Mortgage rates moved decisively lower today following a much weaker-than-expected reading on new job creation in a key report from the Department of Labor. The payroll count in the big jobs report fell to 75k in May compared to a median forecast of 185k. The previous two months were also revised moderately lower.
Taken together the update on jobs calls into question the strongest and most resilient component of the current economic expansion in the US. This is important for two reasons. First, a strong economy is better able to support higher rates (more people working = more people able to make higher payments). Second, one of the Fed's mandates is "full employment." If this drop in the job count precedes an increase in unemployment, it adds to the already growing case for a Fed rate cut this summer.

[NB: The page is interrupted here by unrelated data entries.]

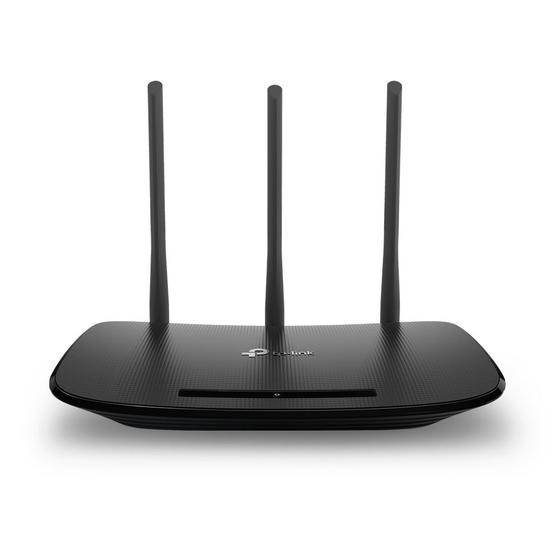 Imagem de Roteador Tp-link Wireless N 450mbps - Tl-wr940n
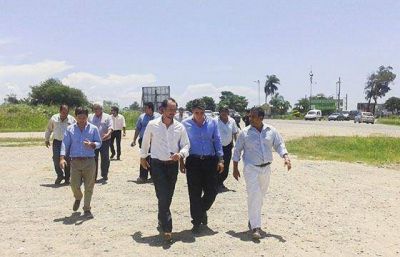 Naci�n se comprometi� a finalizar el tramo de la autopista Pichanal-Or�n antes de fin de a�o
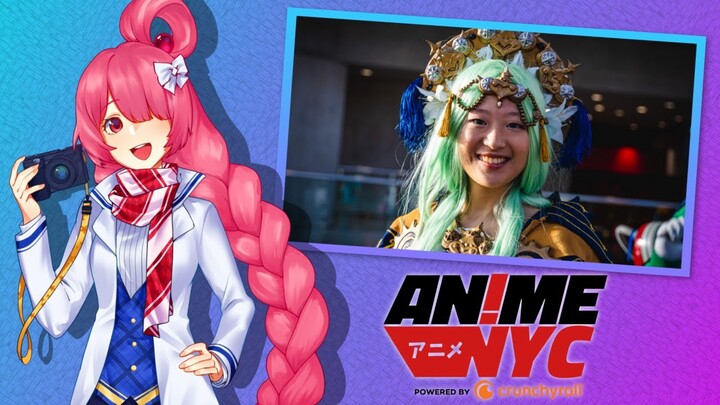 Kohilenn's Trip to Anime NYC 2019 - Cosplay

While the Fed doesn't set 30yr fixed mortgage rates, Fed rate hike/cut expectations definitely correlate quite well with movement in longer term rates like 10yr Treasury yields and mortgages. Markets think the Fed stands a very good chance to cut rates by July--a viewpoint that has just come into full focus this week. As it has, rates have dropped at their best pace of the year to the lowest levels since September 2017.

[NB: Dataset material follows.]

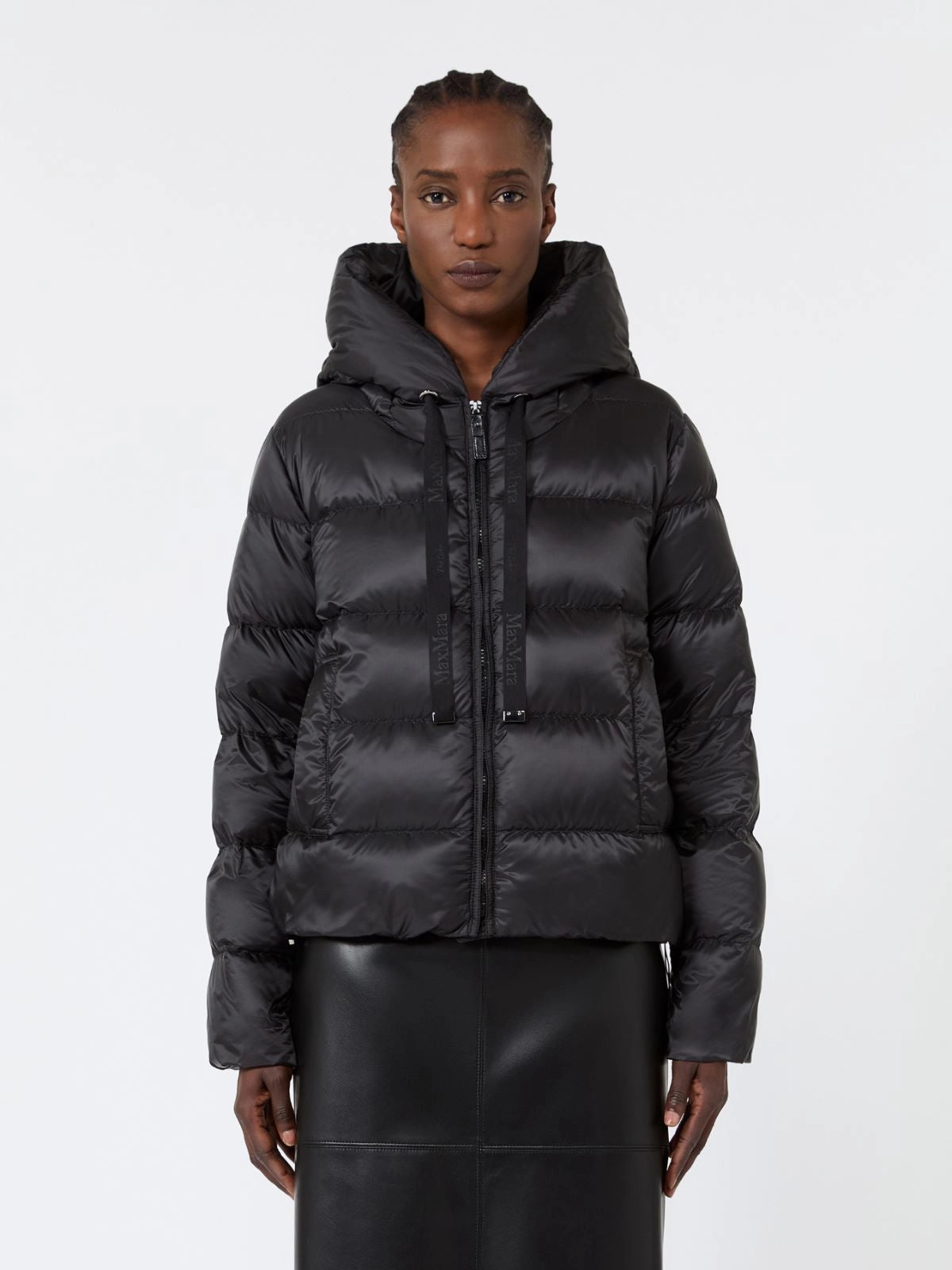 Imbottito corto DONNA MAXMARA THE CUBE MTCOCEANO009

Loan Originator Perspective
Bond markets rallied today, on a dismal May NFP jobs report and downward revisions to April's. Continuing Tariff Trauma is helping bonds as well, combined with general Washington DC uncertainty. While rates won't improve every day, the overall trend is our friend. I am only locking loans closing within 15 days, unless clients have minimal risk tolerance. -Ted Rood, Senior Originator
Bonds have been able to hold onto the huge gains of the last week. The 10 year is up against resistance around 2.06ish. Until that breaks, we probably won't see much more improvement. If you have been floating for the last couple weeks, you should be seeing a much better rate. Nothing wrong with locking in those gains. They could disappear very quickly, especially if we start getting positive updates on the trade war with China. -Victor Burek, Churchill Mortgage
Today's Most Prevalent Rates
- 30YR FIXED - 3.875%
- FHA/VA - 3.75%
- 15 YEAR FIXED - 3.75%
- 5 YEAR ARMS - 3.875-4.25% depending on the lender
Ongoing Lock/Float Considerations
- Early 2019 saw a rapid reevaluation of big-picture trends in rates and in markets in general
- The Federal Reserve has been a key player, and while they aren't the ones pulling the global economic strings, their response (and even their EXPECTED response) to the economy has helped rates fall more quickly than they otherwise might.

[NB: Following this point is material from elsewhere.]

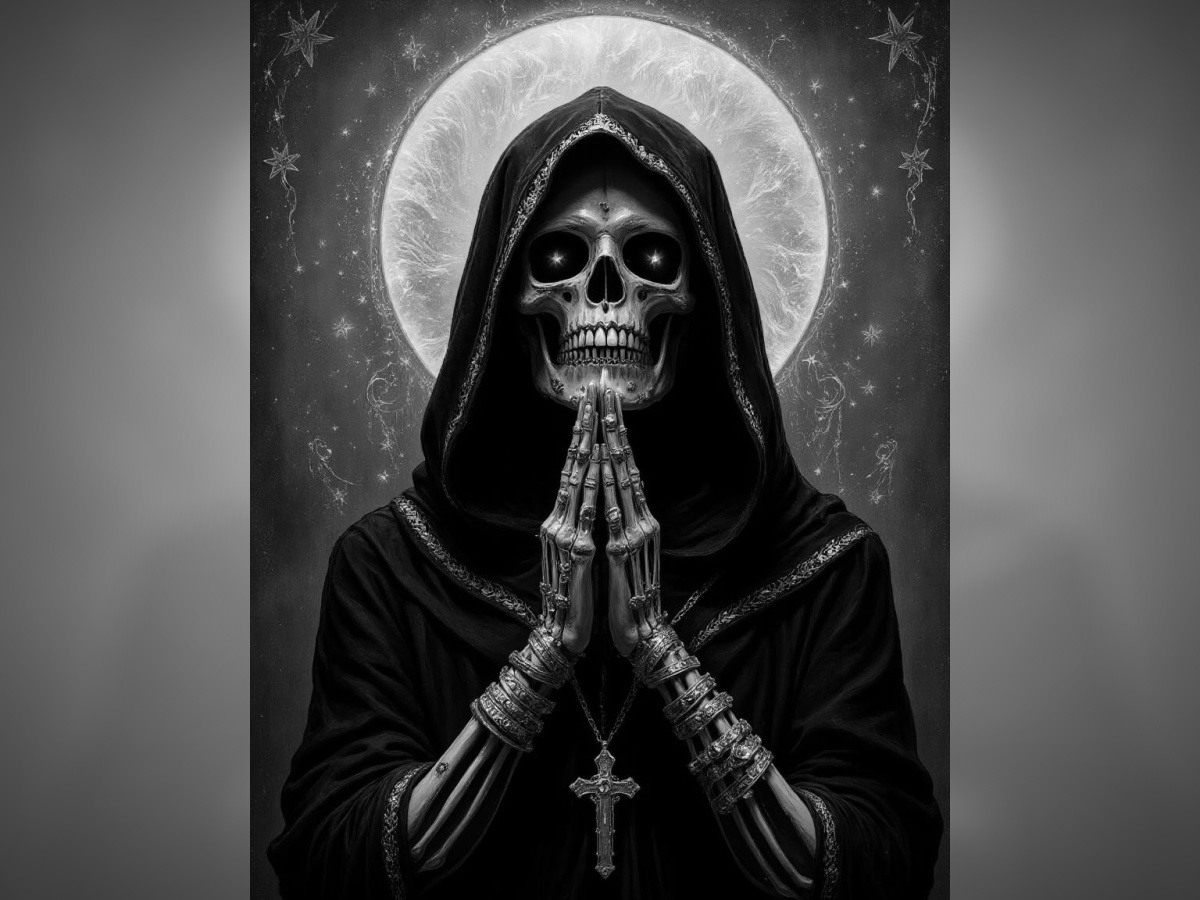 The Bone Cleric Hueforge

- Based on the Fed's laundry list of concerns, the bond market (which determines rates) will be watching economic data closely, both at home and abroad, as well as trade-related concerns. The stronger the data and trade relations, the more rates could rise, while weaker data and trade wars will lead to new long-term lows.
- Rates discussed refer to the most frequently-quoted, conforming, conventional 30yr fixed rate for top tier borrowers among average to well-priced lenders. The rates generally assume little-to-no origination or discount except as noted when applicable. Rates appearing on this page are "effective rates" that take day-to-day changes in upfront costs into consideration.